● Required action
Please output the data exactly, minus pictures.

┏━━

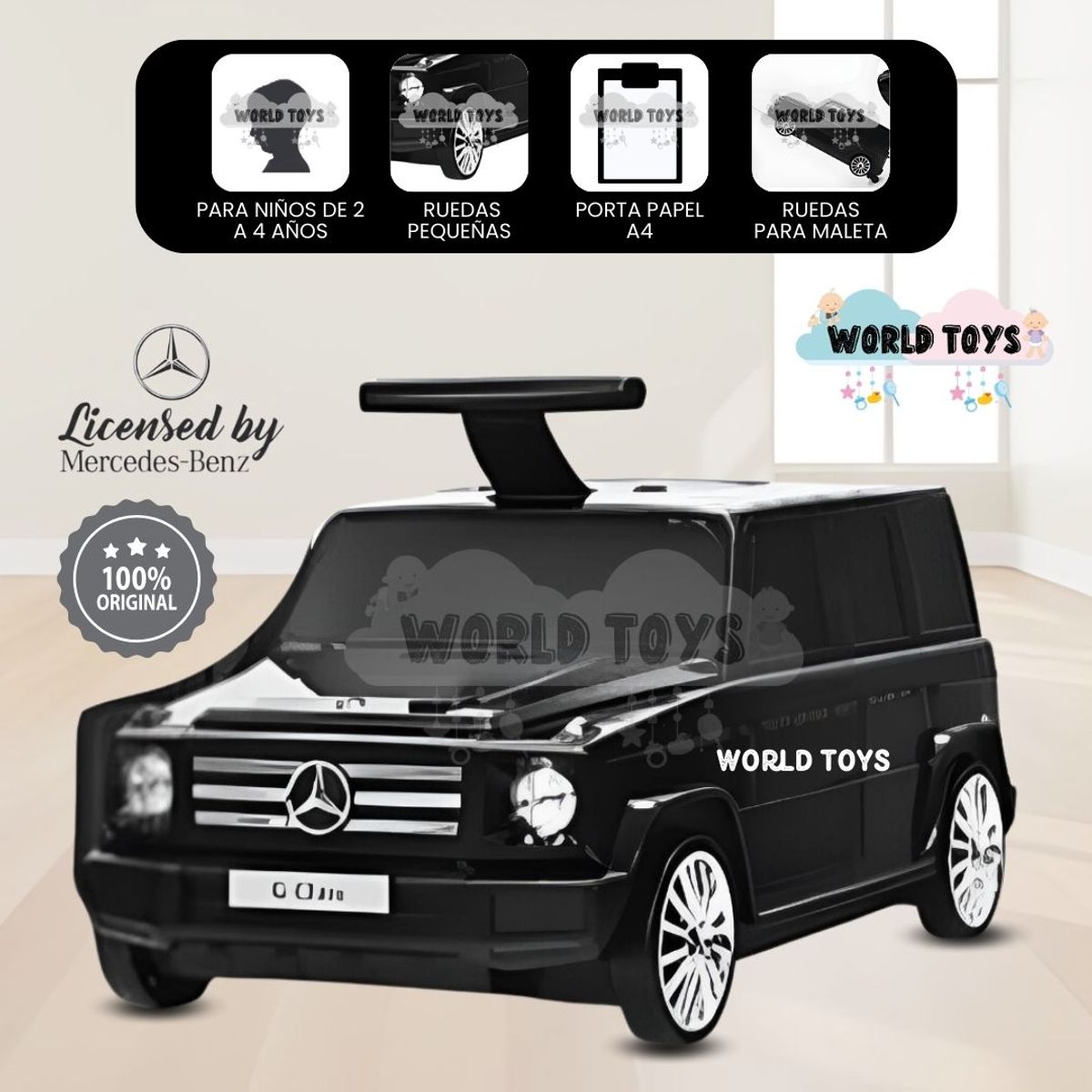 MERCEDES - Correpasillo de arrastre Maleta Buggie «BUGGIE BAG» Black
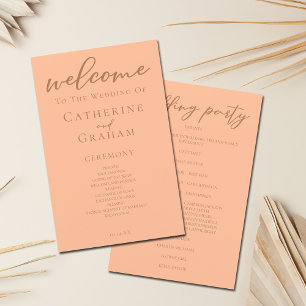 Programa de Boda de Verano con Guión Minimalista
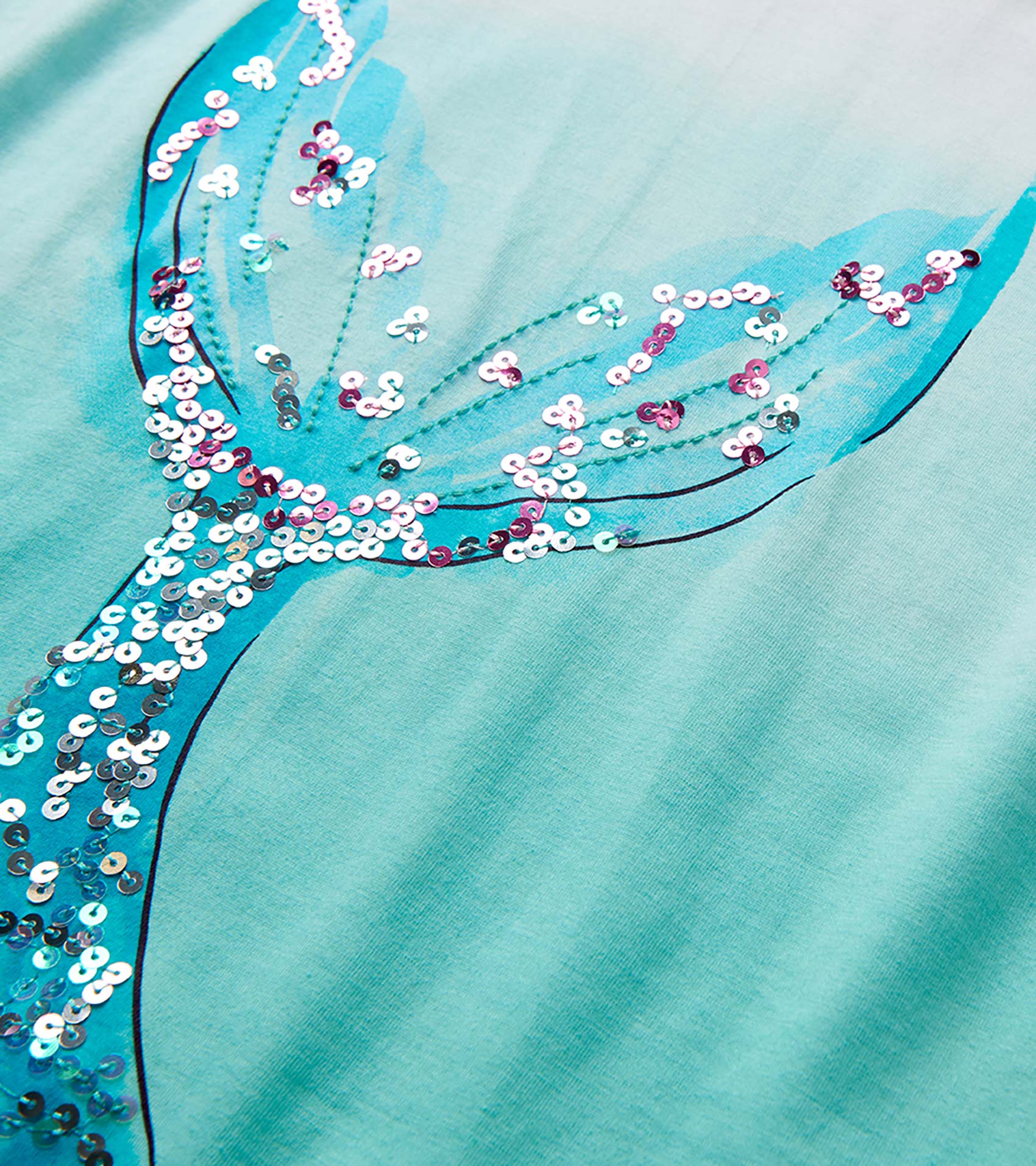 Girls Mermaid Tail Cinched Shoulder Top | Hatley Discount Girls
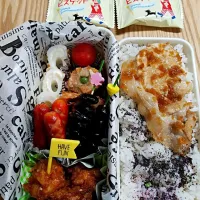 Snapdishの料理写真:20180802  ☺高校生お弁当　体験入学お手伝い|ちいさん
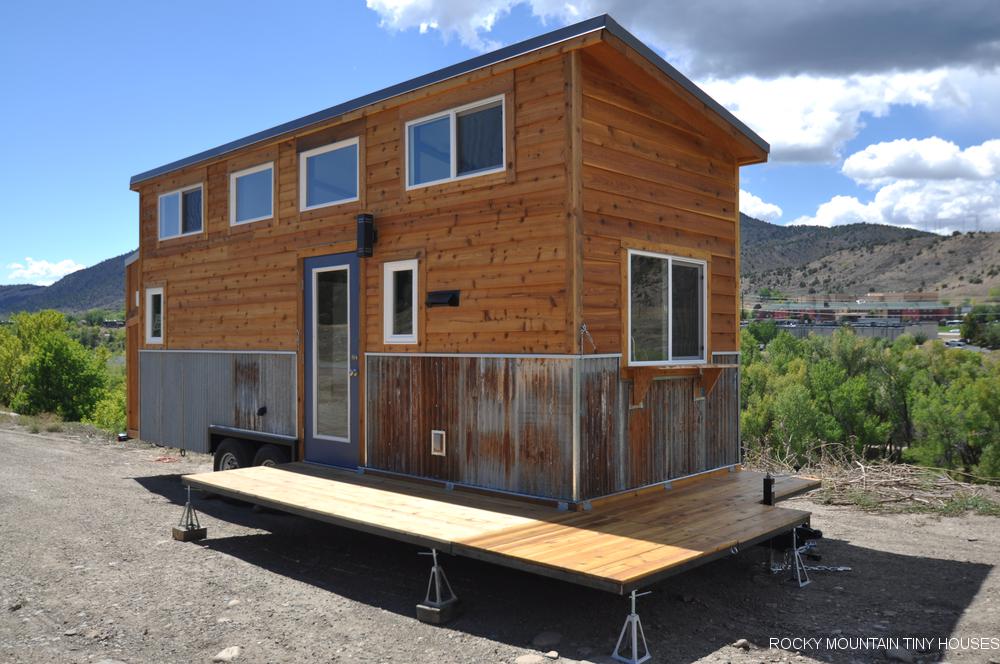 thumbnail image 2 of Tiny House Plans – 24x8.5 Ft DIY Camper Trailer Project With Loft, Modern Style 2 of 6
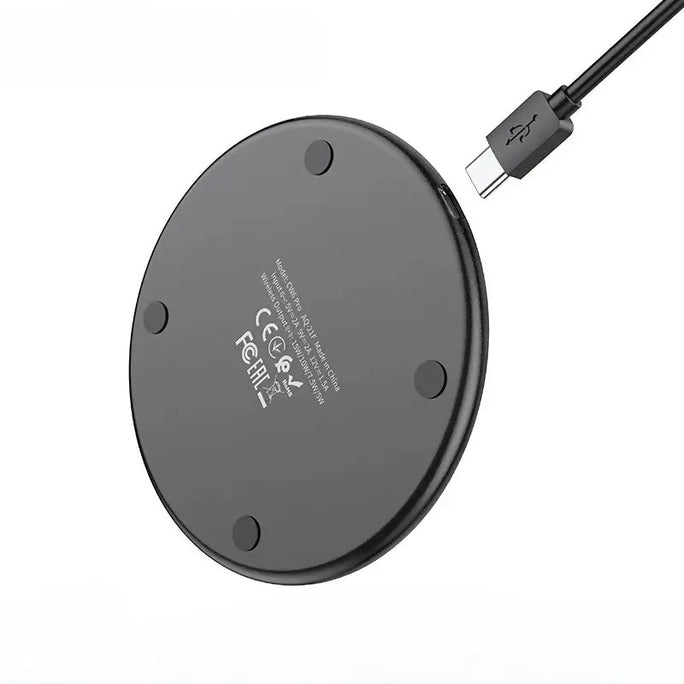 HOCO CW6 Pro 15W Fast Wireless Charger Aluminum Alloy Pad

┗━━

● Response
 MERCEDES - Correpasillo de arrastre Maleta Buggie «BUGGIE BAG» Black
 Programa de Boda de Verano con Guión Minimalista
 Girls Mermaid Tail Cinched Shoulder Top | Hatley Discount Girls
 Snapdishの料理写真:20180802  ☺高校生お弁当　体験入学お手伝い|ちいさん
 thumbnail image 2 of Tiny House Plans – 24x8.5 Ft DIY Camper Trailer Project With Loft, Modern Style 2 of 6
 HOCO CW6 Pro 15W Fast Wireless Charger Aluminum Alloy Pad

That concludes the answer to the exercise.